Thank you for your detailed answer.
I'm using an OV7670 640X480 camera module and an nRF24L01+ 2.4GHz transceiver because I have those on hand.
Data sheets:
Camera https://www.voti.nl/docs/OV7670.pdf
Transceiver https://www.sparkfun.com/datasheets/Components/nRF24L01_prelim_prod_spec_1_2.pdf
If I'm reading these correctly, big if, the camera is serial, single bidirectional data line and the transceiver is SLI. So, both Serial and SLI.
At the time of this rely I have not read your links, but I will directly. I just wanted to provide an initial reply first.
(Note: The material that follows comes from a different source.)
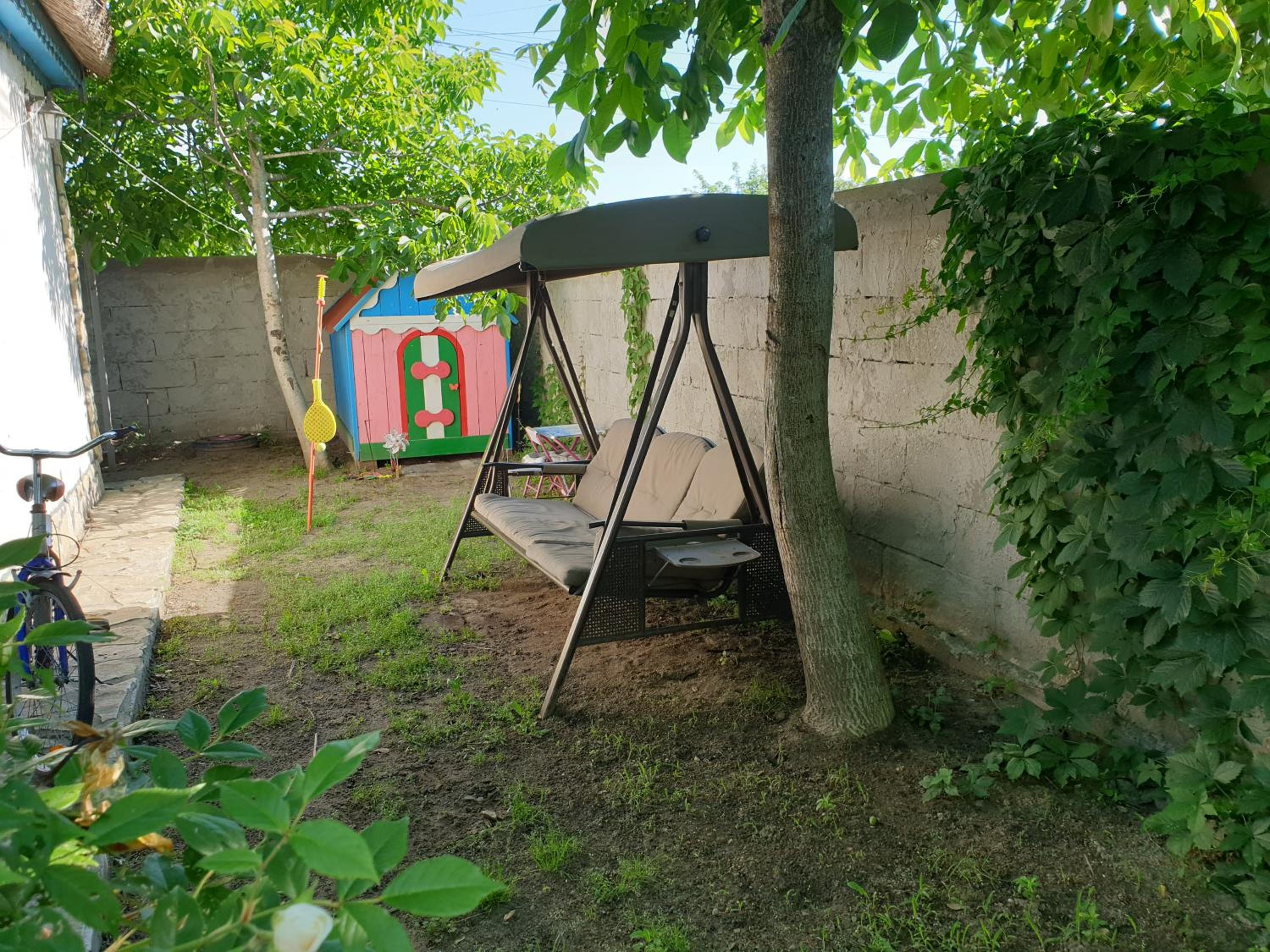 Photo 25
I teach 3rd and 4th level programming - Python, Java, C++, elementary - undergrad, so hardware control programming is a fringe topic in my professional life, but in on my own I've done a lot of reading but little practice. I expect to make well educated guesses and many mistakes too.
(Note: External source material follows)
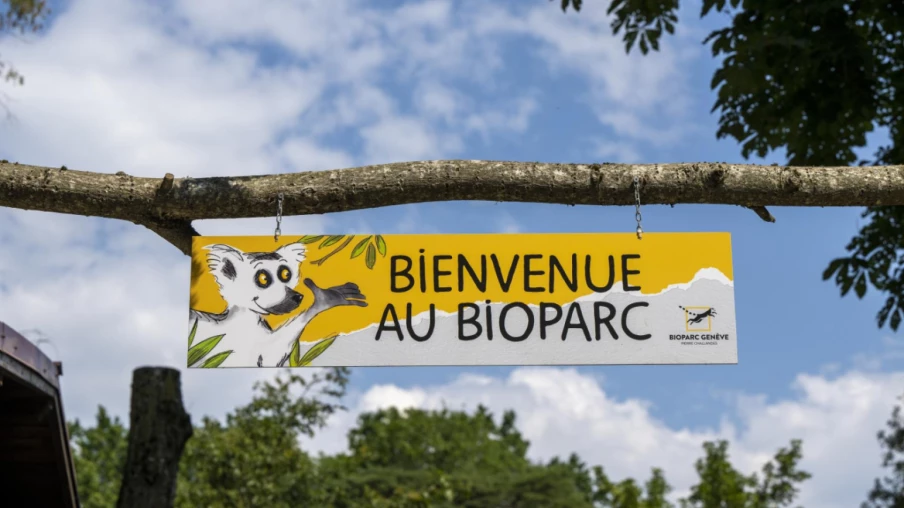 À Genève, 22'684 signatures pour sauver le Bioparc de Belle-Idée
That being said, I plan on approaching the coding efficiency problem using a switch in my main loop and a time slice index.
Many widget operations poll a sensor, poll transceiver, change motor state, pulse servo, serial write will need to happen in sequence.
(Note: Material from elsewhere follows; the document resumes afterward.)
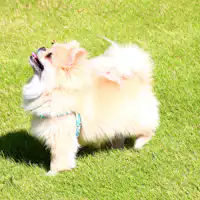 ภาพ☆สวนกว้างขวางสำหรับเล่น*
In a higher level language, I'd write a function for each and in my loop I'd use a if based decision tree based on a time index to see if that function needed to be called in that iteration. That would make for many reference calls and a lot of time wasted making decisions. I believe that I need to eliminate the functions and most of the decisions from that logic and opt for a perfectly rigid design.
Instead, I plan on mapping out on paper how often I need each operation to happen per second to achieve the proper operation of the overall machine. If I assign each operation a frequency count of 0-7 then I can create 8 time slices with different combinations of the necessary widget code.
In each slice will be a copy of the code for each widget operation in the order that it needs to happen. This means I will have multiple instances of the same code but no functions.
Edit: As I understand the C compiler, creating sequential cases starting at zero usually makes to compiler opt for a speedy single operation look-up table. This being the fastest possible code branching for more than two options.
I will then put the time slices into a switch that's evaluated each iteration of the main loop. The switch is based on a slice index. After the switch and slice code is evaluated I will increment the slice index.
Edit: I will need to consider a different method of changing the slice index as some slices will only run once in a cycle and others will run many times. I can probably work out a simple pattern.
Instead of using the modulus operator or an if statement I will mask the last three bits as the value for the switch, so the value self modulates and the time to do this is fixed and predictable.
Edit: I see this model as my interpretation of a real-time system that provides the exact same responses in the exact same amount of time regardless of the state of the machine.
I am considering also if it would be simpler/faster to use a Mega and make a code based solution for the transposition of data, of If I should use and Uno and a transceiver based switch so I can pipe selected serial data directly from the camera to the transceiver while using the MCU to operate the controls. Possibly freeing up a few steps and still using the cheaper machine.
This project is in its early stages, I just want to make sure I'm barking up the right tree before I begin the real work.
I am putting a little more info in my other reply on this thread.